**Input records:**
════════

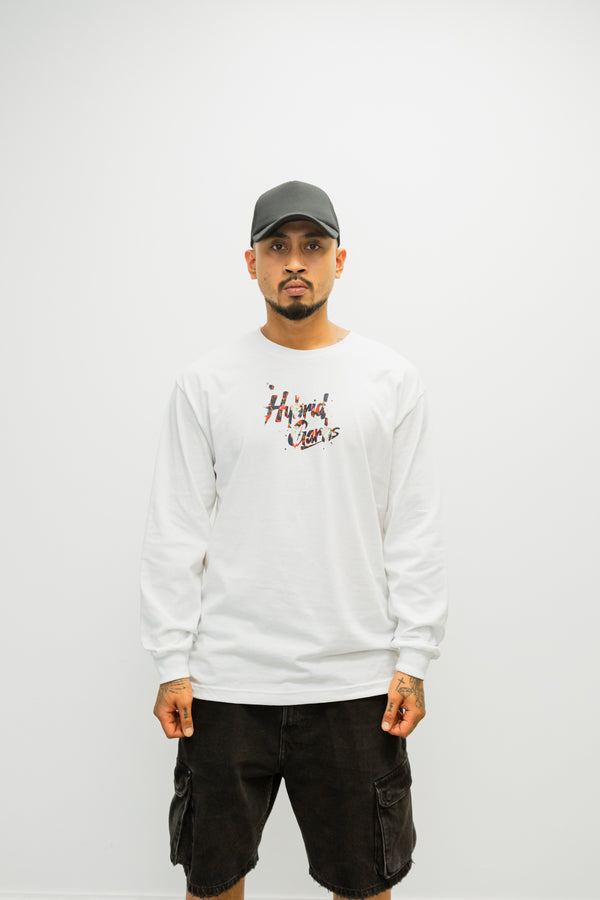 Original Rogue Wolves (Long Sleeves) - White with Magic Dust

════════

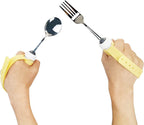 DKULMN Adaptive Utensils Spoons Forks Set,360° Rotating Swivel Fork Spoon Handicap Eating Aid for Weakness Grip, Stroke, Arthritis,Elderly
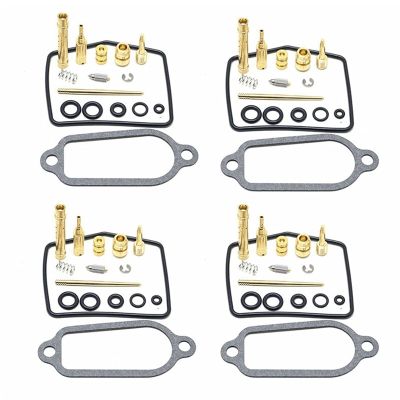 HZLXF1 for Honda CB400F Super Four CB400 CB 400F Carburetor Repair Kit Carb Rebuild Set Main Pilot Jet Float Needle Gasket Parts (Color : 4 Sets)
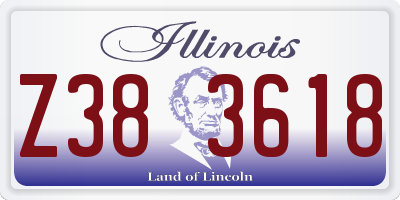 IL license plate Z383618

════════

**Your task:** Out of the records above, set down only the lines from the one that contains "HZLXF1 for Honda" through the one that contains "IL license plate Z383618", unchanged and without the pictures.

**Written answer:**
 HZLXF1 for Honda CB400F Super Four CB400 CB 400F Carburetor Repair Kit Carb Rebuild Set Main Pilot Jet Float Needle Gasket Parts (Color : 4 Sets)
 IL license plate Z383618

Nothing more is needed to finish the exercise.